WHEREAS, the Shareholders own a total of 151,229 shares of InterCept common
stock;
WHEREAS, InterCept will file a registration statement on Form S-3 to
register for resale the shares of InterCept common stock owned by certain of its
other shareholders (the "Resale S-3");
WHEREAS, the Shareholders desire to have the shares of common stock owned
by them included on such registration statement;
NOW, THEREFORE, for and in consideration of the premises, covenants and
agreements set forth herein, the parties hereto, intending to be legally bound,
hereby agree as follows:
1. InterCept agrees to use all commercially reasonable efforts to register
the shares of common stock held by the Shareholders pursuant to the Resale S-3.

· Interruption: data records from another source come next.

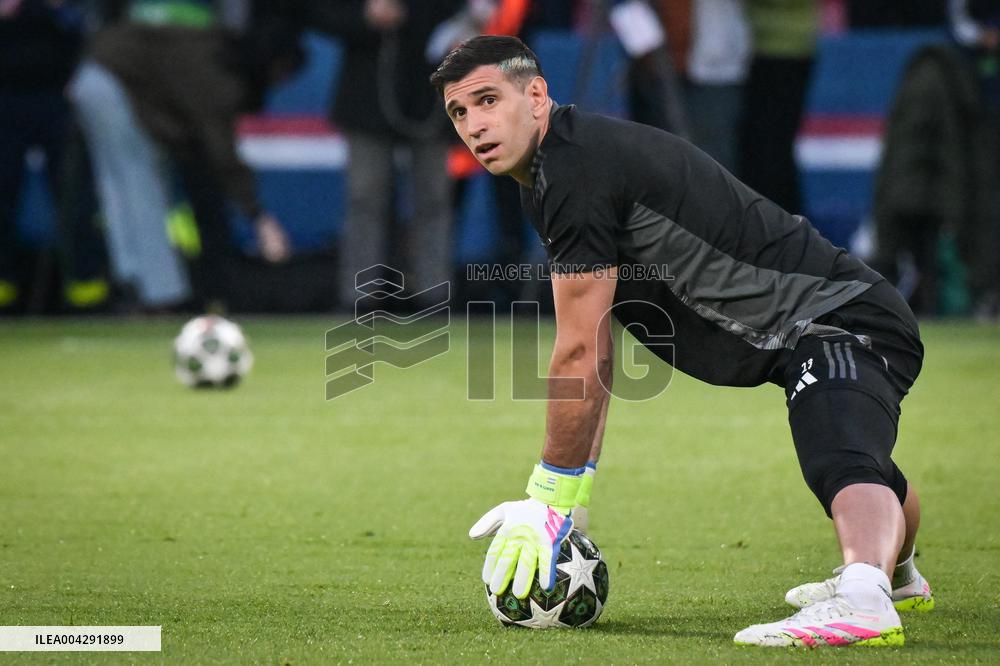 Champions League PSG vs Aston Villa FC - FA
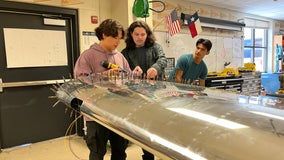 Georgetown ISD students build airplane thanks to nonprofit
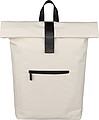 Recycled PU backpack Naiya, beige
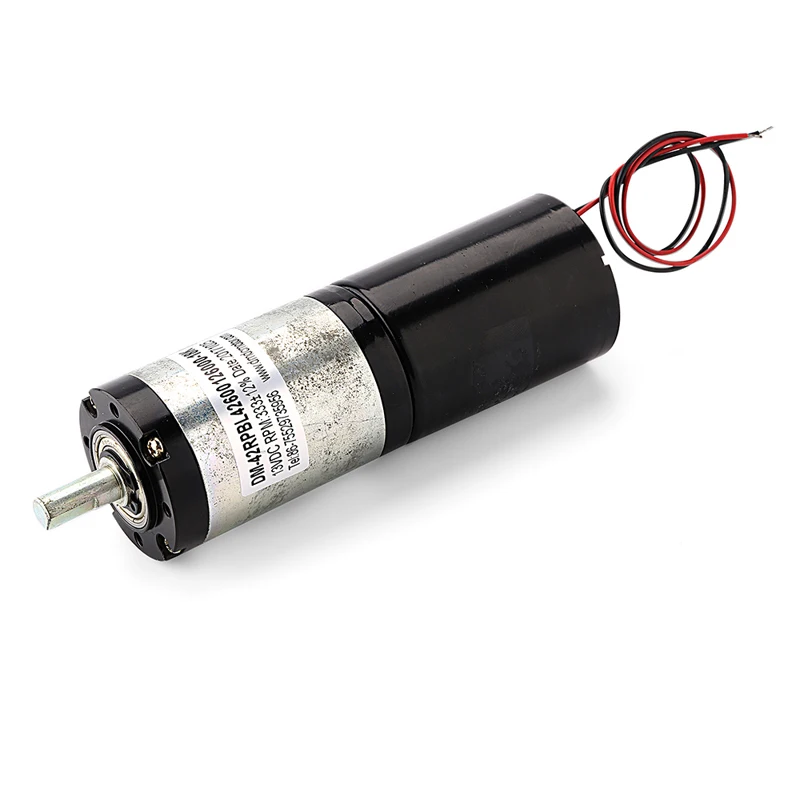  DM-42RP BL4260 42mm 24V высокий крутящий момент планетарный редуктор мотора постоянного тока без щетки Китай
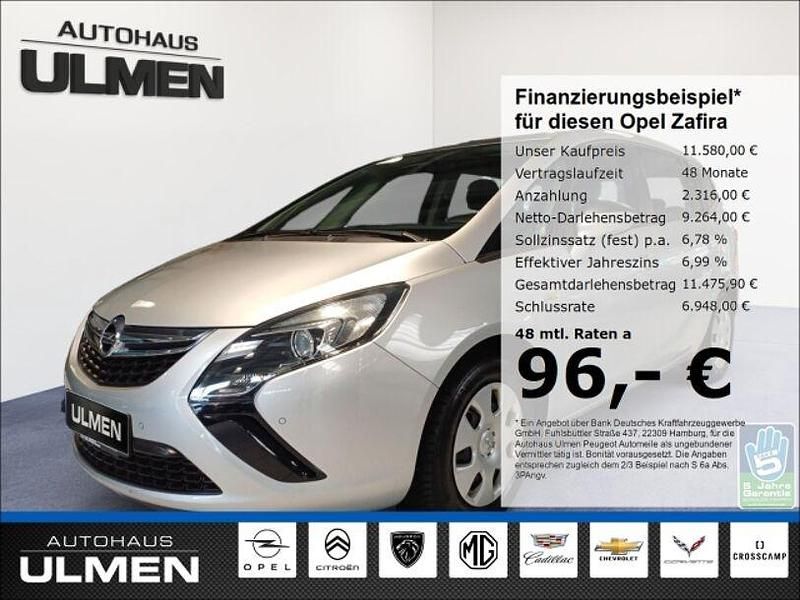 Gebraucht Opel Zafira Tourer Selection 120 PS (88 kW) 2017 Grau Van / Kleinbus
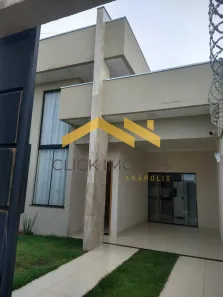 Casa com 3 Quartos à venda, 105m² no Residencial Cerejeiras, Anápolis
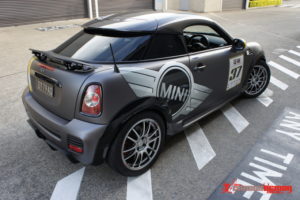 Mini JCW vinyl wrap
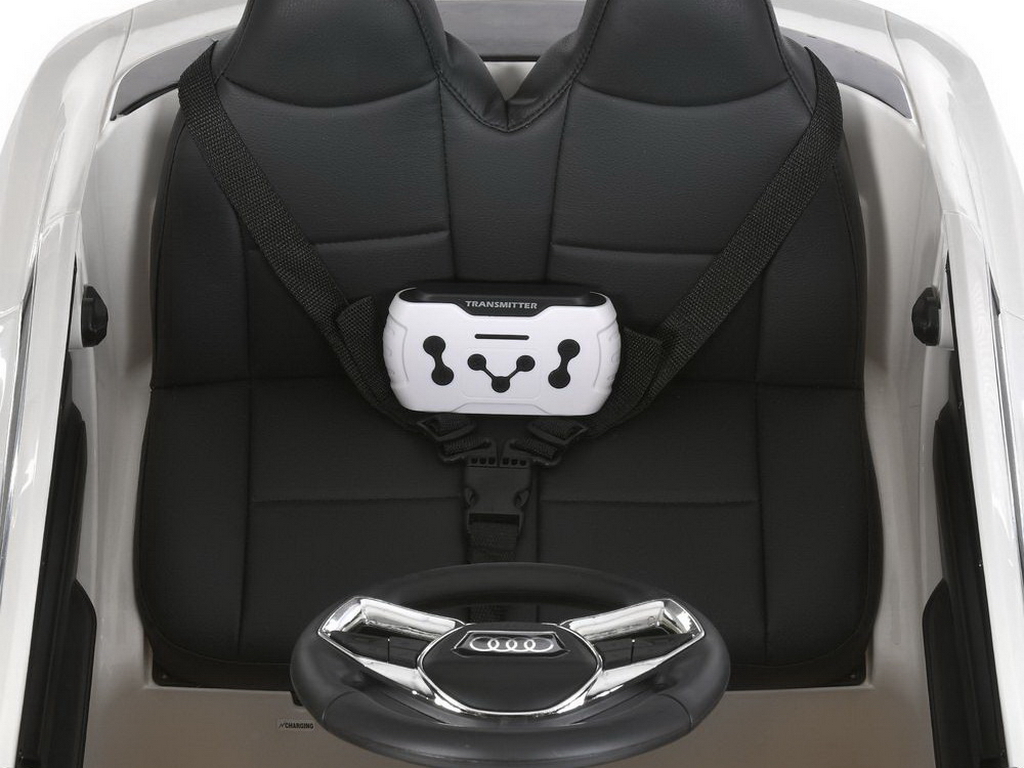 Електромобіль Audi радіокерований M 6133EBLR-1, 4х45W, 1х12V/10AH, USB, MP3, EVA колеса, Bluetooth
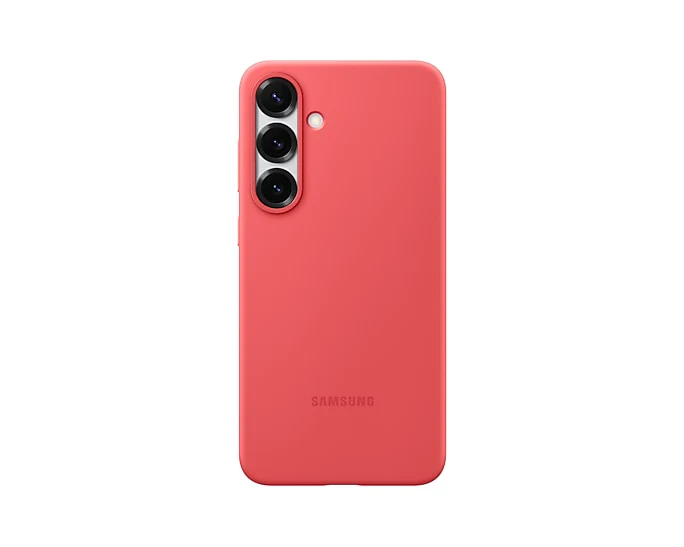 Samsung S25 Plus Silicone Case Red, EF-PS936CREGWW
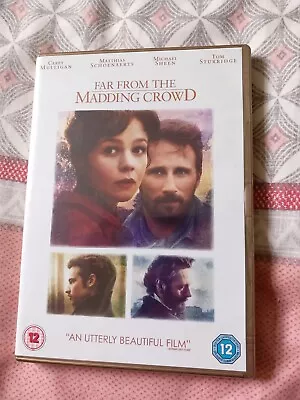 Far From The Madding Crowd (DVD 2015) • £0.99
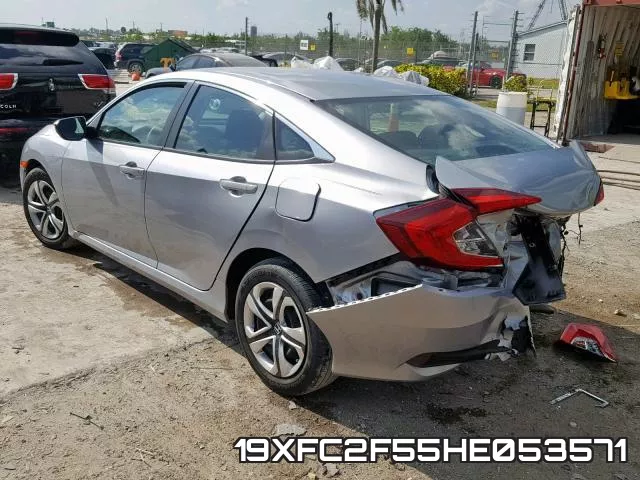 19XFC2F55HE053571 фото 4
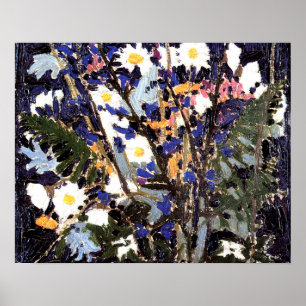 Poster Fleurs sauvages canadiens par Tom Thomson
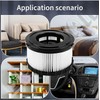 DC5151H HEPA Filter Replacement Compatible with DEWALT Wet Dry Vacuum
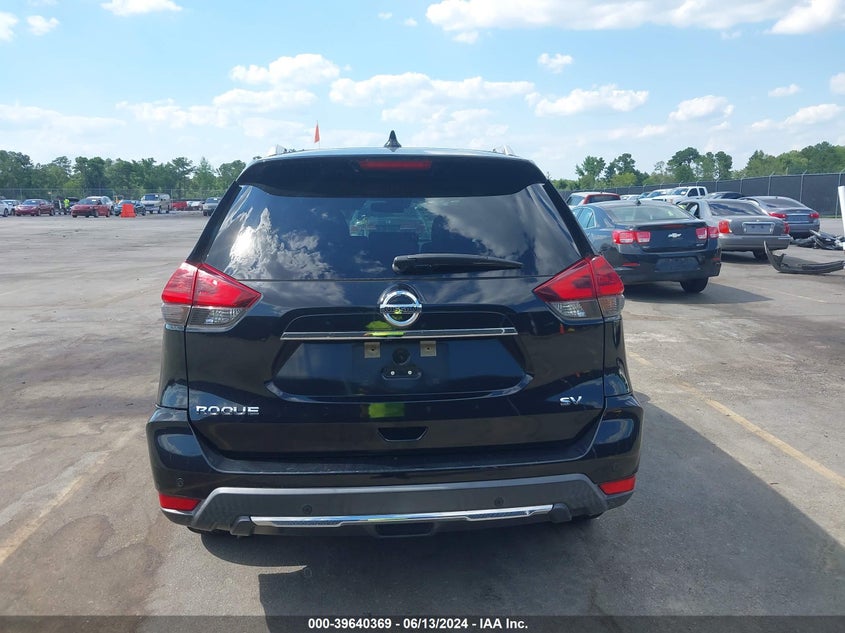 2019 Nissan Rogue Sv VIN: KNMAT2MTXKP512581 Lot: 39640369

InterCept may, without the consent of the Shareholders and for any reason,
withdraw such Resale S-3 prior to its becoming effective or otherwise terminate
the offering of securities contemplated thereby. In the event that InterCept
withdraws or terminates the registration in order to file a registration
statement for an offering of shares by InterCept for its own account, the
Shareholders shall have piggyback registration rights pursuant to that certain
Registration Rights Agreement dated March 9, 1999 by and between InterCept and
the Shareholders (the "March Agreement").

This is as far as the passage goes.